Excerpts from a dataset
*** Begin section ***

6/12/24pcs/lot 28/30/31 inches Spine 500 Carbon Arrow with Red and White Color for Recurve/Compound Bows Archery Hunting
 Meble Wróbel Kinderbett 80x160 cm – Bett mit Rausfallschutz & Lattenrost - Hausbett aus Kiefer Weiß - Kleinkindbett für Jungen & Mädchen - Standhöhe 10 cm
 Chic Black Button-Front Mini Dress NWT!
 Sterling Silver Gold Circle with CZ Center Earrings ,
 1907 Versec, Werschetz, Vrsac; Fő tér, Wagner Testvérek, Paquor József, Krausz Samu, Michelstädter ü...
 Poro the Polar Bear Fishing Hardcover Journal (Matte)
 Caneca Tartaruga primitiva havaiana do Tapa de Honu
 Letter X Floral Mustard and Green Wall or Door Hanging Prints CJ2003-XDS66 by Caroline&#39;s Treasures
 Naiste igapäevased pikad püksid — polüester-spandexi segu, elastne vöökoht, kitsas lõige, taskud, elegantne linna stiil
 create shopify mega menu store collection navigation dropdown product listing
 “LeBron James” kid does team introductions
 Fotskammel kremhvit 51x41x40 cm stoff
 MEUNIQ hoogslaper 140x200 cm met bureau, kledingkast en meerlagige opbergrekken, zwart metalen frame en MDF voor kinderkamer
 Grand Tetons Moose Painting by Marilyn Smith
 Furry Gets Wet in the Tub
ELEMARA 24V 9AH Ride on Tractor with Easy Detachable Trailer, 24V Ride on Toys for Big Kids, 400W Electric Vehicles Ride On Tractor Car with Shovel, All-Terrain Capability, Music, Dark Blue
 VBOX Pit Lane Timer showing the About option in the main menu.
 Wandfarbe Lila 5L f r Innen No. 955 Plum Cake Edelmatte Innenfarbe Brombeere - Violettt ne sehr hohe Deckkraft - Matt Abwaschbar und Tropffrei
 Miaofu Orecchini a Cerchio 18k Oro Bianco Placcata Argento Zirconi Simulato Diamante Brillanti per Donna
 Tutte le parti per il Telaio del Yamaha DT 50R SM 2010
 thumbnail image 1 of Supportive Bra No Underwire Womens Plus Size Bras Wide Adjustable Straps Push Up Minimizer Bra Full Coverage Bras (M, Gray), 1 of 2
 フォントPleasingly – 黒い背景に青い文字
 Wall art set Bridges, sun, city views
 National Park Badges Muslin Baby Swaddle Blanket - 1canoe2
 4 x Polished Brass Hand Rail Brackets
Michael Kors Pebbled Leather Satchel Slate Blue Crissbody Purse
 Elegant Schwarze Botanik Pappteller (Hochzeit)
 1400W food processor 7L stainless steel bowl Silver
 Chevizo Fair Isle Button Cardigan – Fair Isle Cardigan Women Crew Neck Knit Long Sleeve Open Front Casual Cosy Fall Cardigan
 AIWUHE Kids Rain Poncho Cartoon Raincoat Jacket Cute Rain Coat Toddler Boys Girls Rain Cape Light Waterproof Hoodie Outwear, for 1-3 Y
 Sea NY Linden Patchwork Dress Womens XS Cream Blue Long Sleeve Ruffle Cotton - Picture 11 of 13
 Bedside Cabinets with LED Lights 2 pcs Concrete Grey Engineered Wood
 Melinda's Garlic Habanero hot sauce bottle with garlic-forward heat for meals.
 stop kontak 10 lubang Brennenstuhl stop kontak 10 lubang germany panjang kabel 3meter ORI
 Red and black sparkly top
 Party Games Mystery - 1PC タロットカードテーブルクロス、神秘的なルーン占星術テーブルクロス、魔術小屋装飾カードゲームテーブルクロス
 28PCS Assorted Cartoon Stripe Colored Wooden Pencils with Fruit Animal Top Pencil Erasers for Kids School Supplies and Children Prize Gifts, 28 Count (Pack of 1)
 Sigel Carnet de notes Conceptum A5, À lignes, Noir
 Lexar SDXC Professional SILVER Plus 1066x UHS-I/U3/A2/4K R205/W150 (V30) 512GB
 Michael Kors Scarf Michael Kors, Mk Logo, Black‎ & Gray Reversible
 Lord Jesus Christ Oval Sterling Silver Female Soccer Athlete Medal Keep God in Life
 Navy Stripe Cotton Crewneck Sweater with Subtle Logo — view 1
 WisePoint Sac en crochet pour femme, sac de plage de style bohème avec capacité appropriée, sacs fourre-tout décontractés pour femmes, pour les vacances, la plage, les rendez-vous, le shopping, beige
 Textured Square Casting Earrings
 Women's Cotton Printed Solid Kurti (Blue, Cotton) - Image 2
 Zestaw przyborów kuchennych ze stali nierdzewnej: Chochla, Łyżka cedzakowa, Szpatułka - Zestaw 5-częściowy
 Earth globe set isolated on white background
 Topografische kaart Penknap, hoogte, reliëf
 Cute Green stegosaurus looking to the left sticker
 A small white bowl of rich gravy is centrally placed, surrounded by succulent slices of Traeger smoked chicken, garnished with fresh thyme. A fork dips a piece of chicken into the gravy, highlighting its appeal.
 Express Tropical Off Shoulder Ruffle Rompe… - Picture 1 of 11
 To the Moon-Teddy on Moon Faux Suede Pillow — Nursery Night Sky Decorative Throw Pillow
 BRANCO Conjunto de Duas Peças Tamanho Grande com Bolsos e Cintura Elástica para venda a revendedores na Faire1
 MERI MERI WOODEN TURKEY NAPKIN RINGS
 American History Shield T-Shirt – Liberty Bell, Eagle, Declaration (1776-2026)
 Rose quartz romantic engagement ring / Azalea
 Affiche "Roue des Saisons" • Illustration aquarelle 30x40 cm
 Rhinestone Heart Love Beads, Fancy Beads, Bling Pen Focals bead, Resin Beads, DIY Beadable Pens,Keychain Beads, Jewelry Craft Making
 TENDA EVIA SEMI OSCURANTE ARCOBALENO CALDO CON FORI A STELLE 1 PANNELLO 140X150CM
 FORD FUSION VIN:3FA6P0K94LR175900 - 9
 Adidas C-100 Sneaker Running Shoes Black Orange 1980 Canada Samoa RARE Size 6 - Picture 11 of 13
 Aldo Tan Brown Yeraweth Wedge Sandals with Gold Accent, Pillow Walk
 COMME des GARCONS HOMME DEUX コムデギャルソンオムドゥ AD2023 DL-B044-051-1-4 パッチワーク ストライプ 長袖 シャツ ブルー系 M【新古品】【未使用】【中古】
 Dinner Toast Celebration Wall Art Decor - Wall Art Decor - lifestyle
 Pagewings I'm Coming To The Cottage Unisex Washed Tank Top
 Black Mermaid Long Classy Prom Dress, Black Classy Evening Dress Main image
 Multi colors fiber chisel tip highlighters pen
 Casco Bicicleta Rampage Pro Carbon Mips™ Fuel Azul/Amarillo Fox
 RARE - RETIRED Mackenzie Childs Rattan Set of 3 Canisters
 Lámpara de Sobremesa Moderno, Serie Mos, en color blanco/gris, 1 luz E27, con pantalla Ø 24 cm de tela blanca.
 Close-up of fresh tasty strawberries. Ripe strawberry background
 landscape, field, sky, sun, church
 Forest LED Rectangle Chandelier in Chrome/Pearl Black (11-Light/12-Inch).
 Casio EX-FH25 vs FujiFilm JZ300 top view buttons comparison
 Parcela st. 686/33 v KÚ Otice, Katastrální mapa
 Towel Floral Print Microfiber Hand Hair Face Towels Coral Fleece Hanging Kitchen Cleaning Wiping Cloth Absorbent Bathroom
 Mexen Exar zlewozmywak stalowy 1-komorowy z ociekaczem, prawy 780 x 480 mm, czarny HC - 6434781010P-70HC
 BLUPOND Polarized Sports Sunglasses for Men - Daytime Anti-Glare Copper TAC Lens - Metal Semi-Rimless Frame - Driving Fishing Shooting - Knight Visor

*** End section ***

--- WHAT YOU NEED TO DO ---
What is needed is a faithful transcription of every entry.

--- ANSWER TO THIS TASK ---
6/12/24pcs/lot 28/30/31 inches Spine 500 Carbon Arrow with Red and White Color for Recurve/Compound Bows Archery Hunting
 Meble Wróbel Kinderbett 80x160 cm – Bett mit Rausfallschutz & Lattenrost - Hausbett aus Kiefer Weiß - Kleinkindbett für Jungen & Mädchen - Standhöhe 10 cm
 Chic Black Button-Front Mini Dress NWT!
 Sterling Silver Gold Circle with CZ Center Earrings ,
 1907 Versec, Werschetz, Vrsac; Fő tér, Wagner Testvérek, Paquor József, Krausz Samu, Michelstädter ü...
 Poro the Polar Bear Fishing Hardcover Journal (Matte)
 Caneca Tartaruga primitiva havaiana do Tapa de Honu
 Letter X Floral Mustard and Green Wall or Door Hanging Prints CJ2003-XDS66 by Caroline&#39;s Treasures
 Naiste igapäevased pikad püksid — polüester-spandexi segu, elastne vöökoht, kitsas lõige, taskud, elegantne linna stiil
 create shopify mega menu store collection navigation dropdown product listing
 “LeBron James” kid does team introductions
 Fotskammel kremhvit 51x41x40 cm stoff
 MEUNIQ hoogslaper 140x200 cm met bureau, kledingkast en meerlagige opbergrekken, zwart metalen frame en MDF voor kinderkamer
 Grand Tetons Moose Painting by Marilyn Smith
 Furry Gets Wet in the Tub
ELEMARA 24V 9AH Ride on Tractor with Easy Detachable Trailer, 24V Ride on Toys for Big Kids, 400W Electric Vehicles Ride On Tractor Car with Shovel, All-Terrain Capability, Music, Dark Blue
 VBOX Pit Lane Timer showing the About option in the main menu.
 Wandfarbe Lila 5L f r Innen No. 955 Plum Cake Edelmatte Innenfarbe Brombeere - Violettt ne sehr hohe Deckkraft - Matt Abwaschbar und Tropffrei
 Miaofu Orecchini a Cerchio 18k Oro Bianco Placcata Argento Zirconi Simulato Diamante Brillanti per Donna
 Tutte le parti per il Telaio del Yamaha DT 50R SM 2010
 thumbnail image 1 of Supportive Bra No Underwire Womens Plus Size Bras Wide Adjustable Straps Push Up Minimizer Bra Full Coverage Bras (M, Gray), 1 of 2
 フォントPleasingly – 黒い背景に青い文字
 Wall art set Bridges, sun, city views
 National Park Badges Muslin Baby Swaddle Blanket - 1canoe2
 4 x Polished Brass Hand Rail Brackets
Michael Kors Pebbled Leather Satchel Slate Blue Crissbody Purse
 Elegant Schwarze Botanik Pappteller (Hochzeit)
 1400W food processor 7L stainless steel bowl Silver
 Chevizo Fair Isle Button Cardigan – Fair Isle Cardigan Women Crew Neck Knit Long Sleeve Open Front Casual Cosy Fall Cardigan
 AIWUHE Kids Rain Poncho Cartoon Raincoat Jacket Cute Rain Coat Toddler Boys Girls Rain Cape Light Waterproof Hoodie Outwear, for 1-3 Y
 Sea NY Linden Patchwork Dress Womens XS Cream Blue Long Sleeve Ruffle Cotton - Picture 11 of 13
 Bedside Cabinets with LED Lights 2 pcs Concrete Grey Engineered Wood
 Melinda's Garlic Habanero hot sauce bottle with garlic-forward heat for meals.
 stop kontak 10 lubang Brennenstuhl stop kontak 10 lubang germany panjang kabel 3meter ORI
 Red and black sparkly top
 Party Games Mystery - 1PC タロットカードテーブルクロス、神秘的なルーン占星術テーブルクロス、魔術小屋装飾カードゲームテーブルクロス
 28PCS Assorted Cartoon Stripe Colored Wooden Pencils with Fruit Animal Top Pencil Erasers for Kids School Supplies and Children Prize Gifts, 28 Count (Pack of 1)
 Sigel Carnet de notes Conceptum A5, À lignes, Noir
 Lexar SDXC Professional SILVER Plus 1066x UHS-I/U3/A2/4K R205/W150 (V30) 512GB
 Michael Kors Scarf Michael Kors, Mk Logo, Black‎ & Gray Reversible
 Lord Jesus Christ Oval Sterling Silver Female Soccer Athlete Medal Keep God in Life
 Navy Stripe Cotton Crewneck Sweater with Subtle Logo — view 1
 WisePoint Sac en crochet pour femme, sac de plage de style bohème avec capacité appropriée, sacs fourre-tout décontractés pour femmes, pour les vacances, la plage, les rendez-vous, le shopping, beige
 Textured Square Casting Earrings
 Women's Cotton Printed Solid Kurti (Blue, Cotton) - Image 2
 Zestaw przyborów kuchennych ze stali nierdzewnej: Chochla, Łyżka cedzakowa, Szpatułka - Zestaw 5-częściowy
 Earth globe set isolated on white background
 Topografische kaart Penknap, hoogte, reliëf
 Cute Green stegosaurus looking to the left sticker
 A small white bowl of rich gravy is centrally placed, surrounded by succulent slices of Traeger smoked chicken, garnished with fresh thyme. A fork dips a piece of chicken into the gravy, highlighting its appeal.
 Express Tropical Off Shoulder Ruffle Rompe… - Picture 1 of 11
 To the Moon-Teddy on Moon Faux Suede Pillow — Nursery Night Sky Decorative Throw Pillow
 BRANCO Conjunto de Duas Peças Tamanho Grande com Bolsos e Cintura Elástica para venda a revendedores na Faire1
 MERI MERI WOODEN TURKEY NAPKIN RINGS
 American History Shield T-Shirt – Liberty Bell, Eagle, Declaration (1776-2026)
 Rose quartz romantic engagement ring / Azalea
 Affiche "Roue des Saisons" • Illustration aquarelle 30x40 cm
 Rhinestone Heart Love Beads, Fancy Beads, Bling Pen Focals bead, Resin Beads, DIY Beadable Pens,Keychain Beads, Jewelry Craft Making
 TENDA EVIA SEMI OSCURANTE ARCOBALENO CALDO CON FORI A STELLE 1 PANNELLO 140X150CM
 FORD FUSION VIN:3FA6P0K94LR175900 - 9
 Adidas C-100 Sneaker Running Shoes Black Orange 1980 Canada Samoa RARE Size 6 - Picture 11 of 13
 Aldo Tan Brown Yeraweth Wedge Sandals with Gold Accent, Pillow Walk
 COMME des GARCONS HOMME DEUX コムデギャルソンオムドゥ AD2023 DL-B044-051-1-4 パッチワーク ストライプ 長袖 シャツ ブルー系 M【新古品】【未使用】【中古】
 Dinner Toast Celebration Wall Art Decor - Wall Art Decor - lifestyle
 Pagewings I'm Coming To The Cottage Unisex Washed Tank Top
 Black Mermaid Long Classy Prom Dress, Black Classy Evening Dress Main image
 Multi colors fiber chisel tip highlighters pen
 Casco Bicicleta Rampage Pro Carbon Mips™ Fuel Azul/Amarillo Fox
 RARE - RETIRED Mackenzie Childs Rattan Set of 3 Canisters
 Lámpara de Sobremesa Moderno, Serie Mos, en color blanco/gris, 1 luz E27, con pantalla Ø 24 cm de tela blanca.
 Close-up of fresh tasty strawberries. Ripe strawberry background
 landscape, field, sky, sun, church
 Forest LED Rectangle Chandelier in Chrome/Pearl Black (11-Light/12-Inch).
 Casio EX-FH25 vs FujiFilm JZ300 top view buttons comparison
 Parcela st. 686/33 v KÚ Otice, Katastrální mapa
 Towel Floral Print Microfiber Hand Hair Face Towels Coral Fleece Hanging Kitchen Cleaning Wiping Cloth Absorbent Bathroom
 Mexen Exar zlewozmywak stalowy 1-komorowy z ociekaczem, prawy 780 x 480 mm, czarny HC - 6434781010P-70HC
 BLUPOND Polarized Sports Sunglasses for Men - Daytime Anti-Glare Copper TAC Lens - Metal Semi-Rimless Frame - Driving Fishing Shooting - Knight Visor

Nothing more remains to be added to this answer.